Collected material section start

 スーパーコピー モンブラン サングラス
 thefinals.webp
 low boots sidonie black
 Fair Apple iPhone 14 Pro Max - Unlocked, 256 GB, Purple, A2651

Collected material section end

Beginning with the first line and ending with the last, restate the data word for word.

 スーパーコピー モンブラン サングラス
 thefinals.webp
 low boots sidonie black
 Fair Apple iPhone 14 Pro Max - Unlocked, 256 GB, Purple, A2651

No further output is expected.